▶ **THE PROBLEM**:
Below is a block of entries; repeat all of it exactly but omit the pictures.

(Short text fragments from websites)

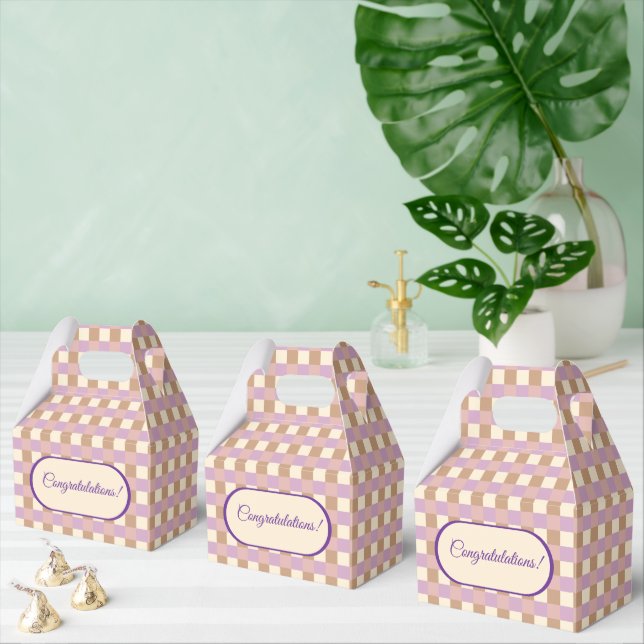 Lavender And Peach Gingham Plaid  Favor Box (Multiple)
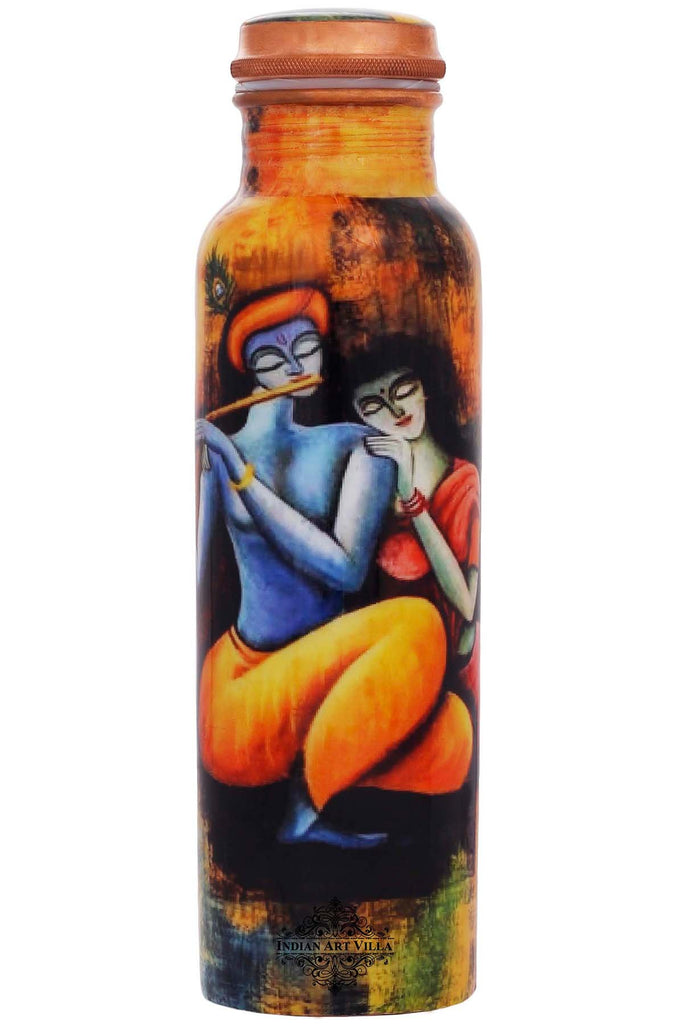 INDIAN ART VILLA Pure Copper Radha Krishna Printed Bottle, Volume-1000 ml, Health Benefits, 1000 ML
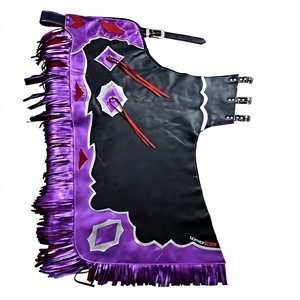 Cuissardes de Rodeo Personnalisées en Cuir Premium Noir Métallisé Violet, Taille Haute, Longueur Intégrale, Ornées de Franges, Unisexe, 500g Needle - Product Image 1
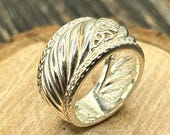 Celtic Weave Sterling Silver Band Ring, Size 6.25, Irish Hallmarked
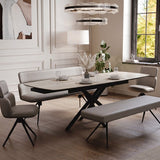 Havana Travertine Ceramic Marble 160-240cm Side Extending Dining Table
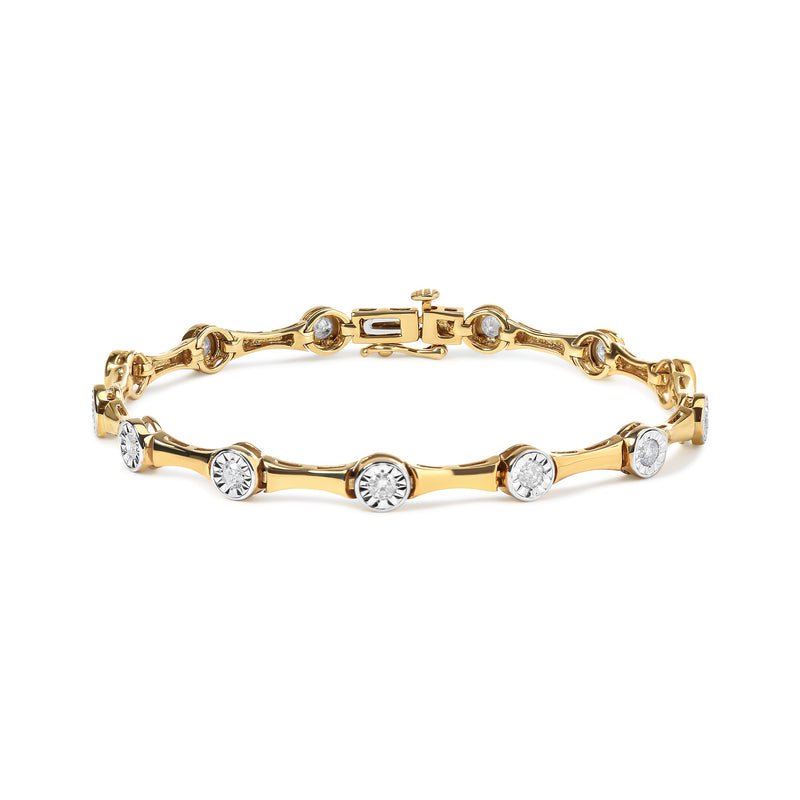 Bids.com 10K Yellow Gold Plated .925 Sterling Silver 1.0 Cttw Miracle Set Diamond Bezel Style Station Link Bracelet (H-I Color, I3 Clarity) - Size 7" Bracelets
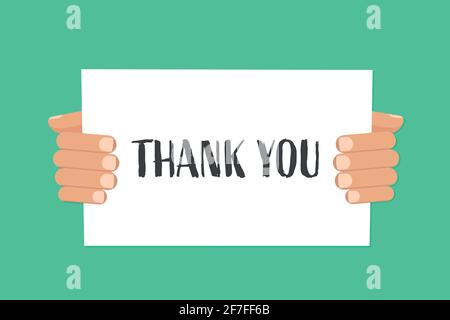 Hands holding plate with words thank you Stock Vector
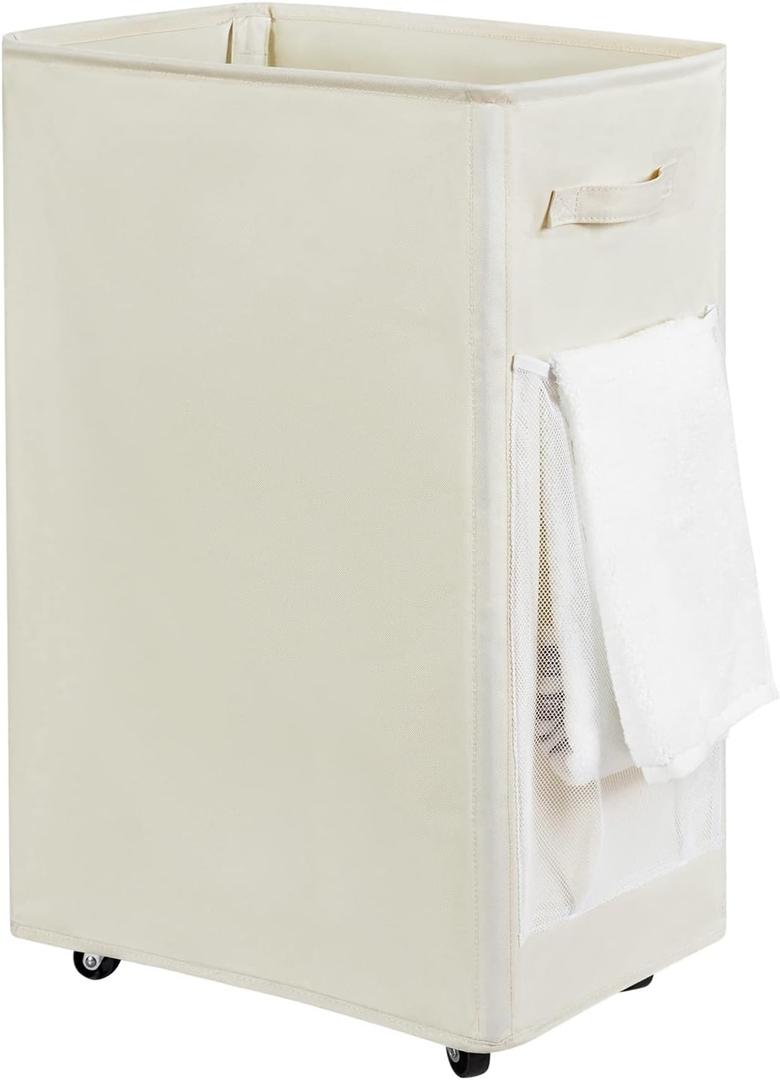 Chrislley 90L Rolling Laundry Basket Large Laundry Hamper with Wheels Collapsible Clothes Hamper Rolling Tall Laundry Storage Cart Foldable Clothes Organizer (Beige)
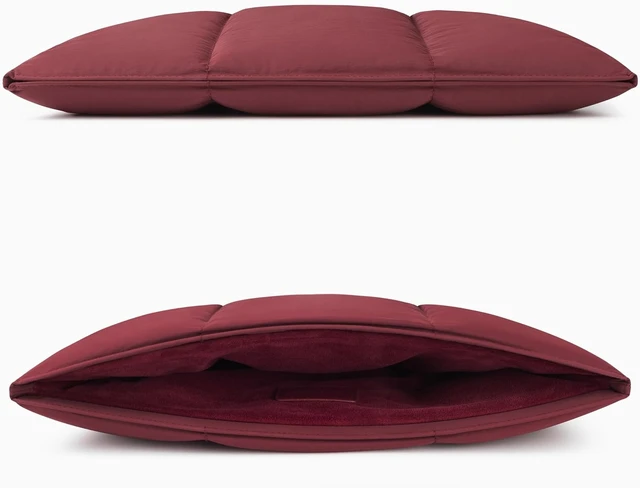 Alt view image 4 of 5 - Puffy Laptop Sleeve 13 Inch 14 Inch Quilted Puffer Laptop Carrying Case for Women Pillow Case Compatible with MacBook Air/Pro M5 M4 M3 M2 Pro/Max 2026 13 MacBook Neo A18 Wine Red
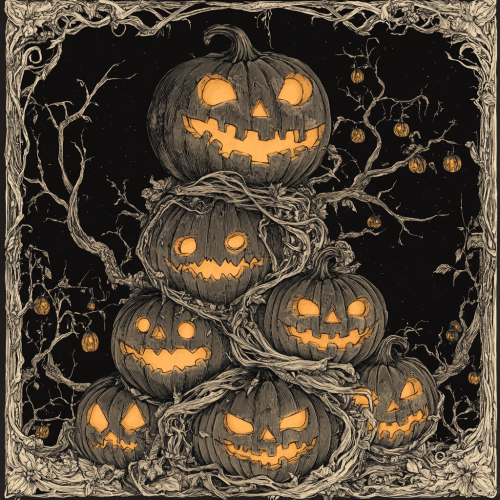 A spooky jack-o'-lantern sculpture with eerie details
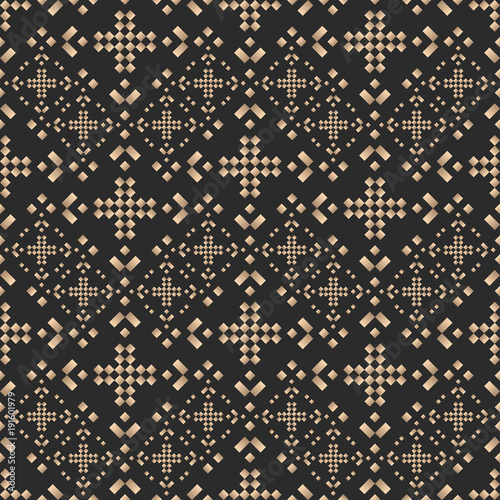 Seamless pattern oriental ornament. Black and golden textile print. Islamic vector design. Geometric tiles.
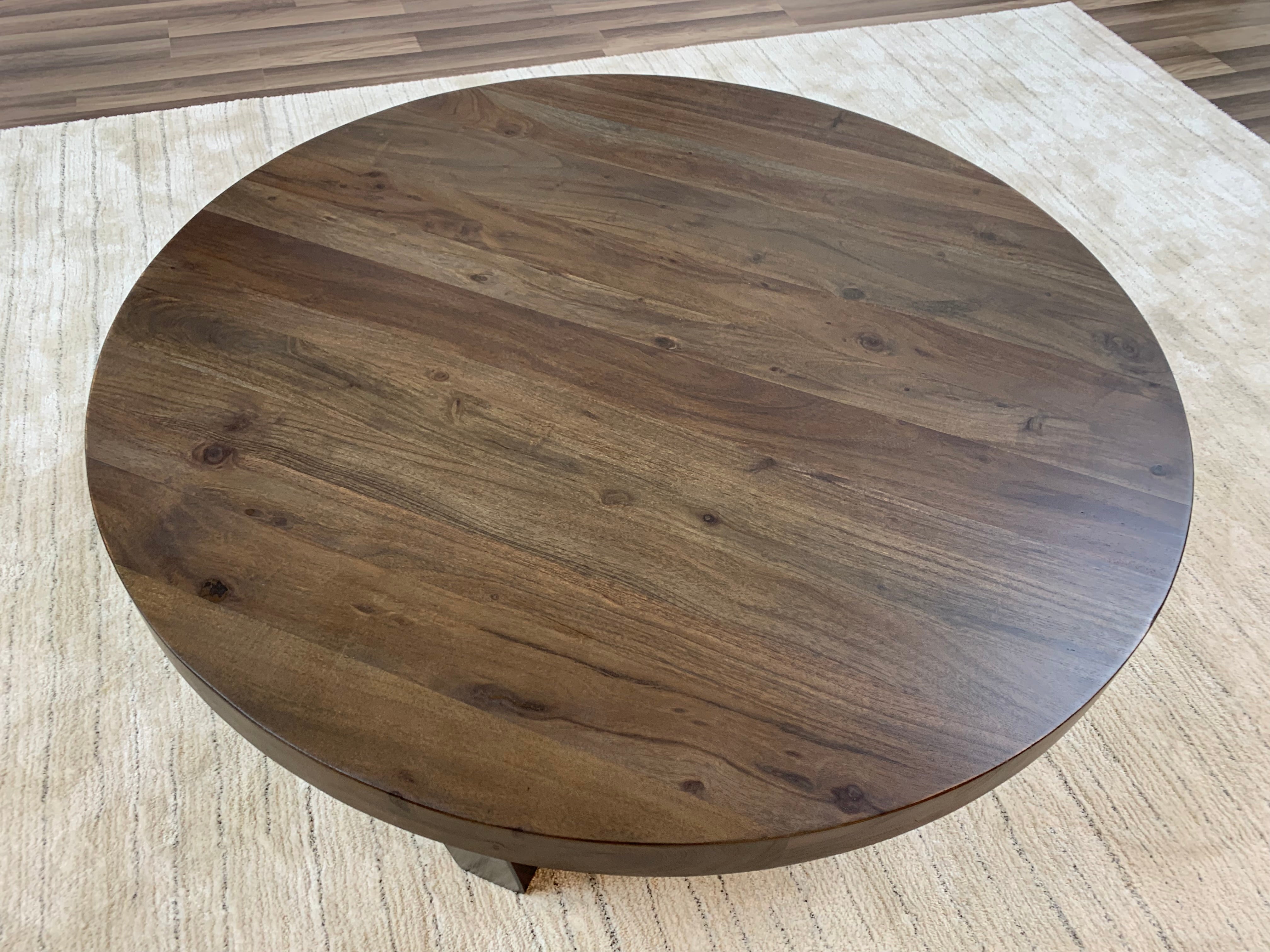 Malcolm Acacia 40" Round Coffee Table - Natural + Smoke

▶ **EXERCISE ANSWER**:
 Lavender And Peach Gingham Plaid  Favor Box (Multiple)
 INDIAN ART VILLA Pure Copper Radha Krishna Printed Bottle, Volume-1000 ml, Health Benefits, 1000 ML
 Cuissardes de Rodeo Personnalisées en Cuir Premium Noir Métallisé Violet, Taille Haute, Longueur Intégrale, Ornées de Franges, Unisexe, 500g Needle - Product Image 1
 Celtic Weave Sterling Silver Band Ring, Size 6.25, Irish Hallmarked
 Havana Travertine Ceramic Marble 160-240cm Side Extending Dining Table
 Bids.com 10K Yellow Gold Plated .925 Sterling Silver 1.0 Cttw Miracle Set Diamond Bezel Style Station Link Bracelet (H-I Color, I3 Clarity) - Size 7" Bracelets
 Hands holding plate with words thank you Stock Vector
 Chrislley 90L Rolling Laundry Basket Large Laundry Hamper with Wheels Collapsible Clothes Hamper Rolling Tall Laundry Storage Cart Foldable Clothes Organizer (Beige)
 Alt view image 4 of 5 - Puffy Laptop Sleeve 13 Inch 14 Inch Quilted Puffer Laptop Carrying Case for Women Pillow Case Compatible with MacBook Air/Pro M5 M4 M3 M2 Pro/Max 2026 13 MacBook Neo A18 Wine Red
 A spooky jack-o'-lantern sculpture with eerie details
 Seamless pattern oriental ornament. Black and golden textile print. Islamic vector design. Geometric tiles.
 Malcolm Acacia 40" Round Coffee Table - Natural + Smoke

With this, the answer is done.